Yanlış anlaşılmak istemem. Tabii ki ebeveynlik sosyolojik olarak toplumsal rollerimizden biri, statü belirten bir ifade ancak bu kavramı böylesi bir kutuya sıkıştırmak en önemli boyutunu kaçırmamıza sebep oluyor.

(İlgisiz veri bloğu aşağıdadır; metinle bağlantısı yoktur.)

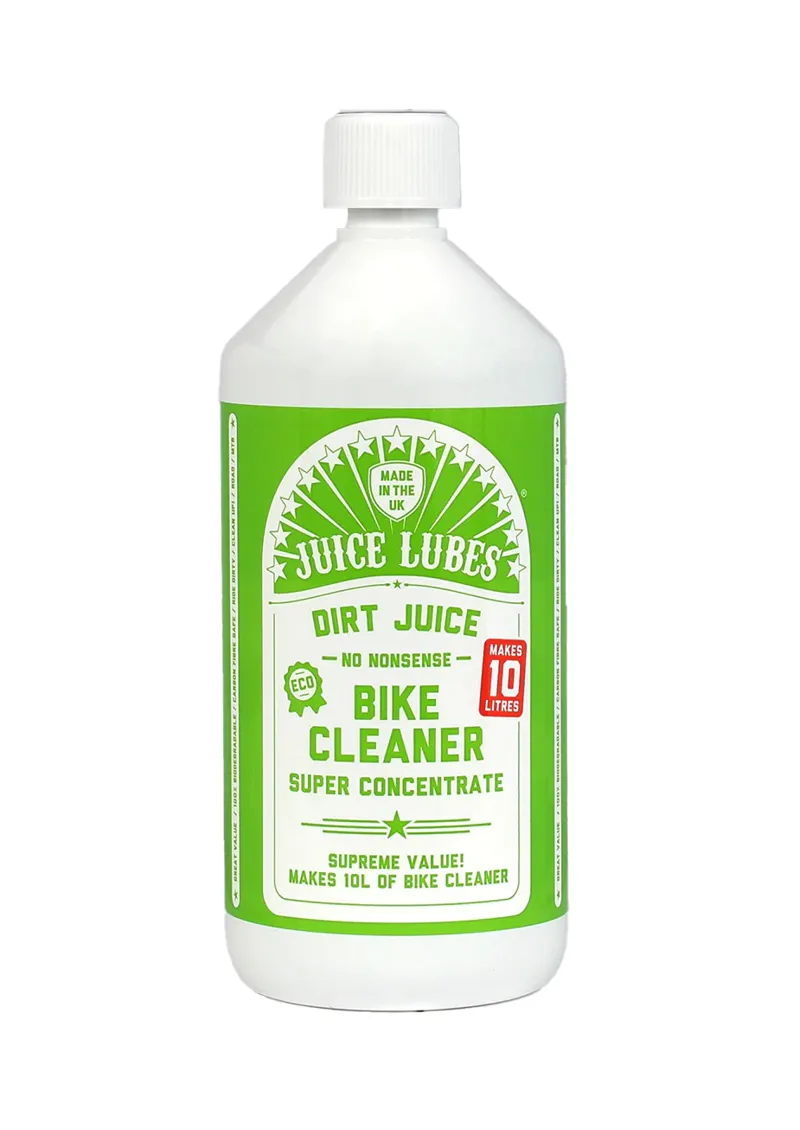 Juice Lubes Super Gnarl 1L Concentrated Degreaser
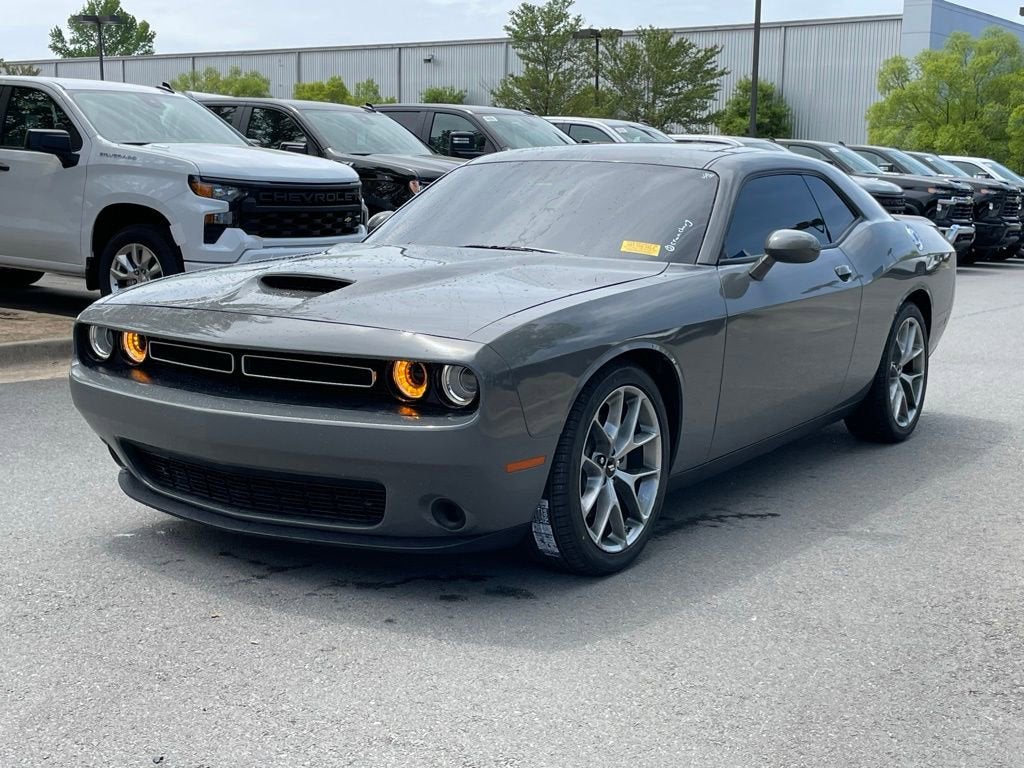 2023 Dodge Challenger GT
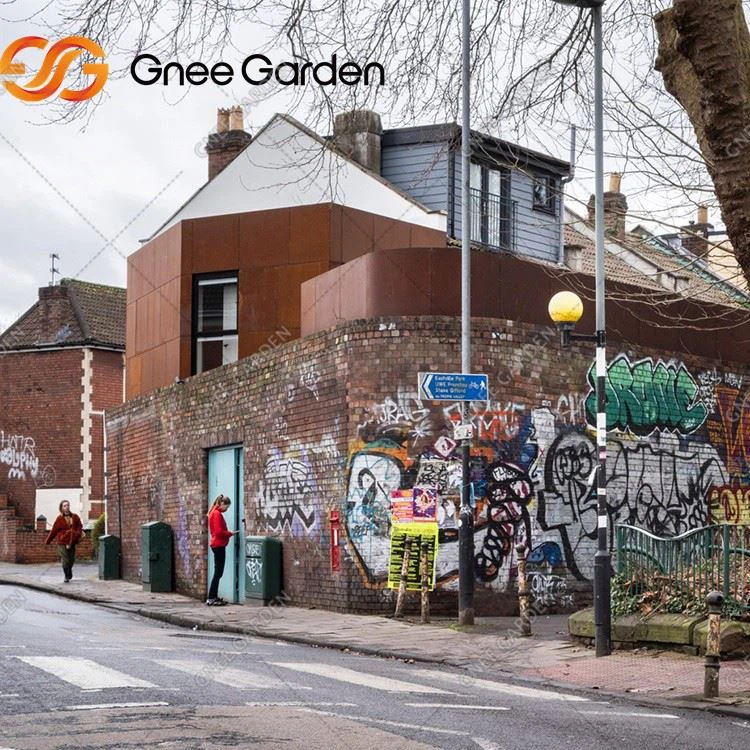 Metal Steel Roofing Sheets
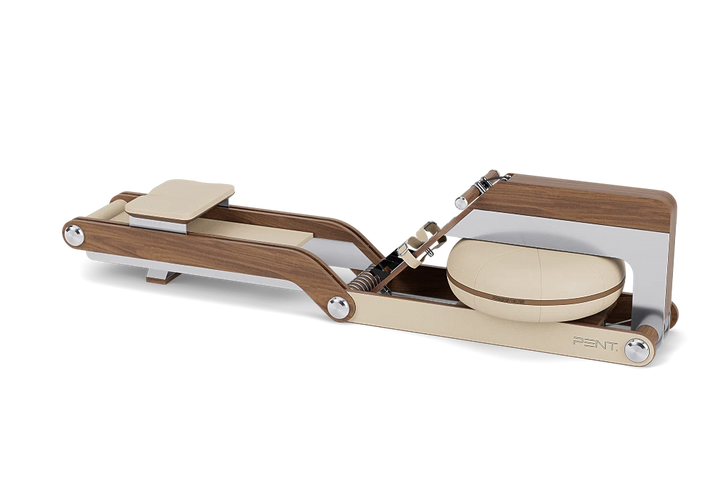 VISLA™ Premium Rowing Ergometer PENT Fitness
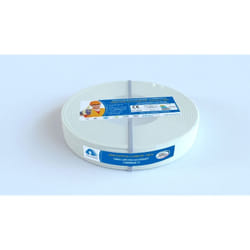 Acome - cable réseau - catégorie 6 - utp - lsoh-fr - 2 x 4 paires - couronne de 100 mètres - ivoire - dca m5009c100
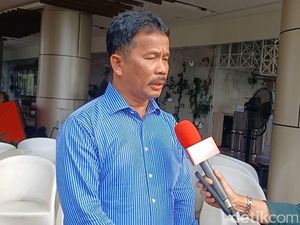 Kepala BP Batam Utamakan Sosialisasi Baru Relokasi Warga Rempang Kepala BP Batam Utamakan Sosialisasi Baru Relokasi Warga Rempang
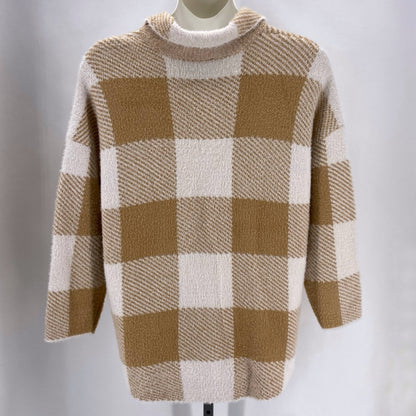 Size 2 TORRID Plaid Jacket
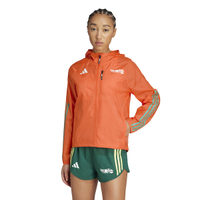 Jaqueta Feminina Adidas Maratona do Rio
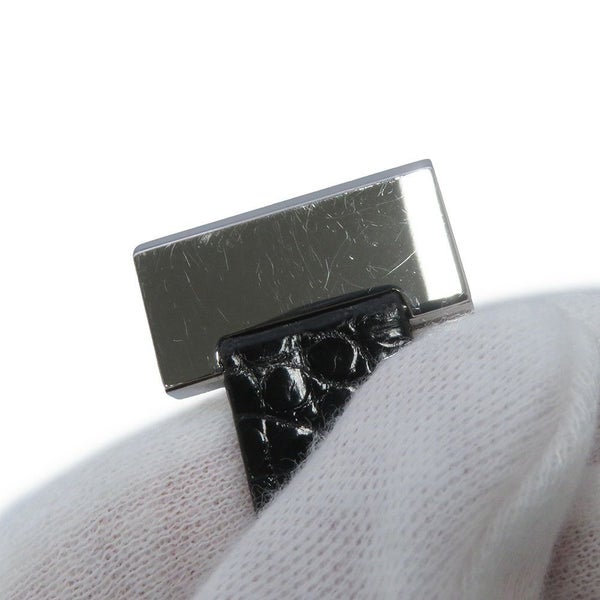 ヴァンクリーフ&アーペル ミスカデナ Van Cleef & Arpels 腕時計 シルバー文字盤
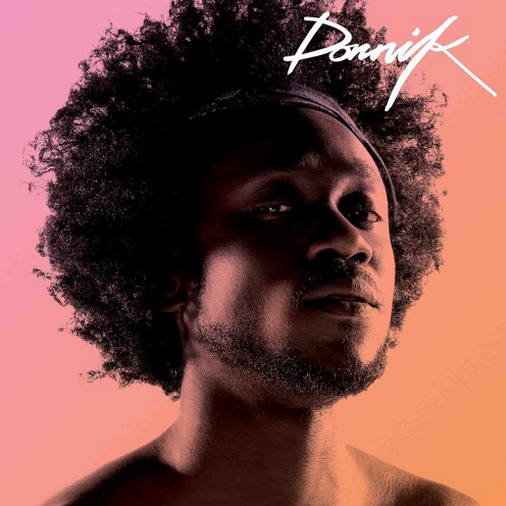 Dornik - "Stand In Your Line (Jungle's Edit)"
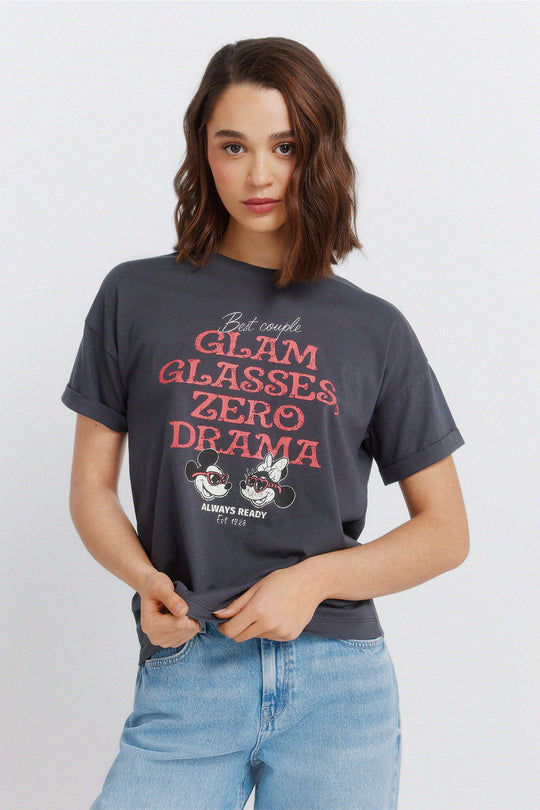 Disney short sleeve T-shirt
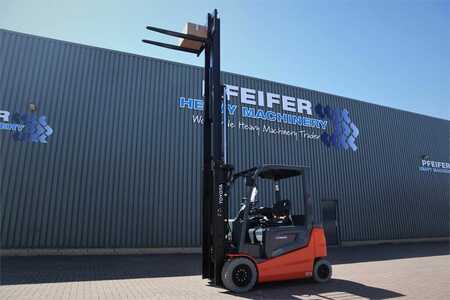 Diesel Forklifts - Toyota 9FBM30T Valid inspection, *Guarantee! Electric, 47 (5)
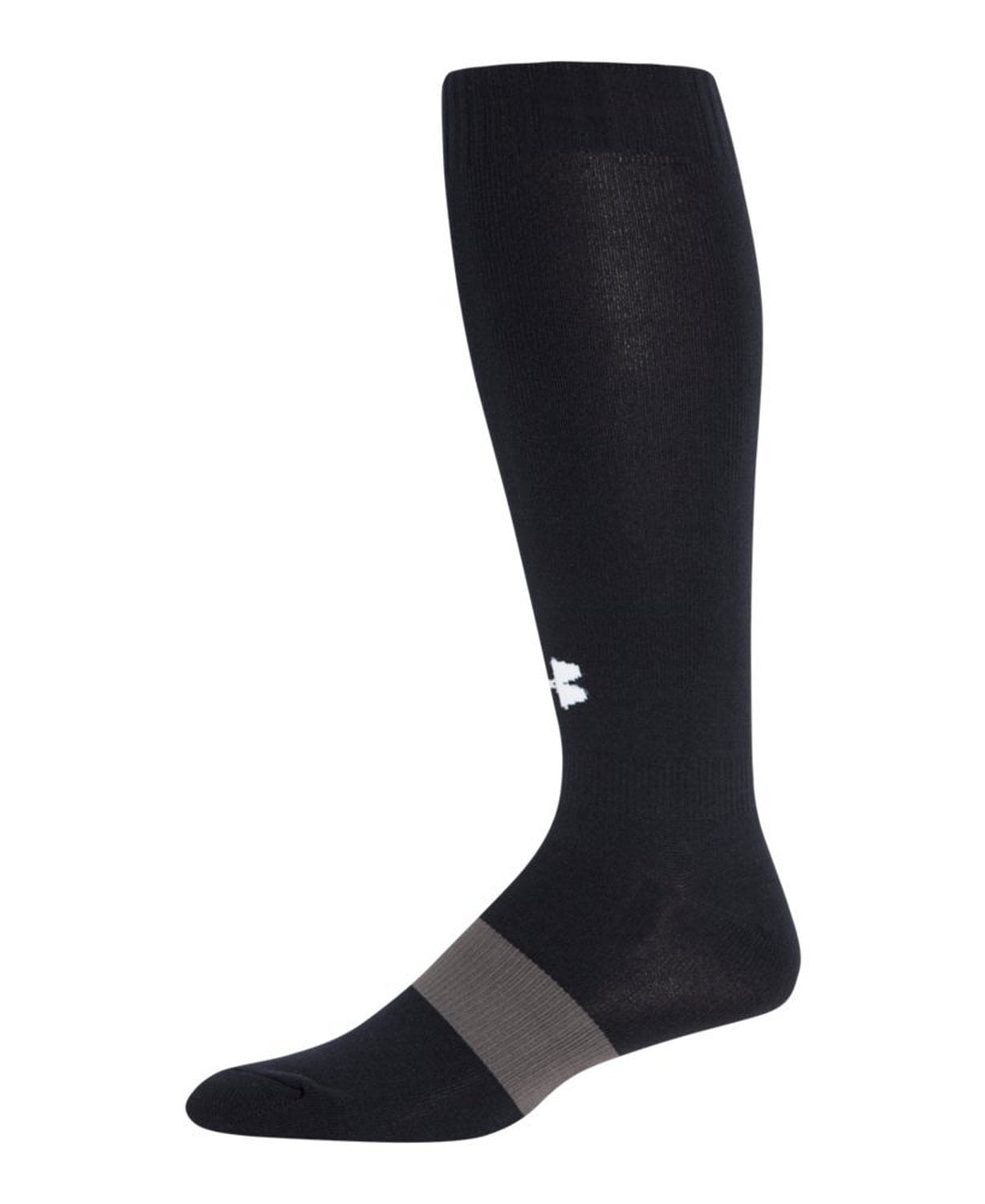 1 Pair Under Armour Mens Ignite Soccer Over-the-Calf Socks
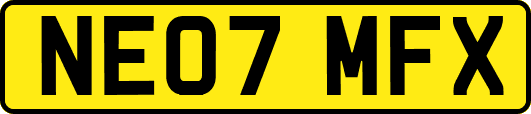 NE07MFX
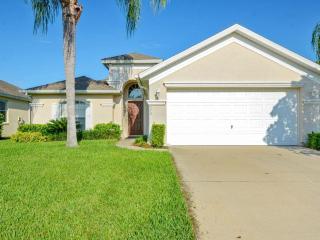 3 bedrooms pool home Calabay Parc Tower Lakes - Haines City - 8
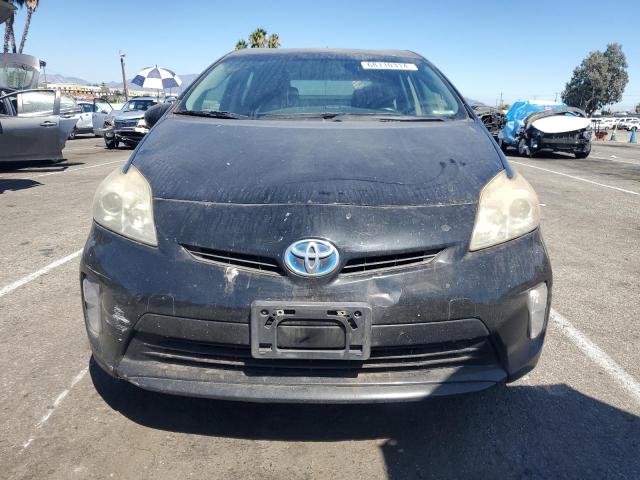 Photo 5 from auction – 2012 TOYOTA PRIUS with VIN JTDKN3DUXC1524179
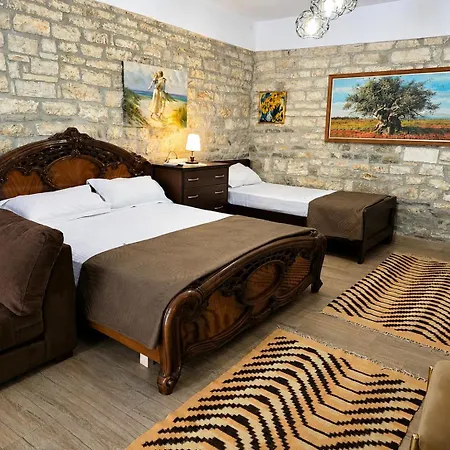 Szálloda Taraca Gorice - Unesco Quarter 4*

Duygusal boyutu…
Görev tanımında neler var?
Bir ebeveyn ne yapmalı, ne yapmamalı?
Bu sorular arttıkça ‘mükemmel’ ebeveyn olma arzusu masum bir niyetten öteye geçiyor ve kurulan ilişki, gösterilen özen ilişkiyi tehlikeye atmamak adına şekil değiştiriyor.
Etrafımda birçok ebeveyn çocuklarıyla ya görev odaklı bir ilişki içindeler; al-bırak, şoförlük yap, etkinlik planla, katılımını sağla gibi… Ya da arkadaşımsı bir ilişki içindeler; dedikodu yap, film izle, snapleş gibi…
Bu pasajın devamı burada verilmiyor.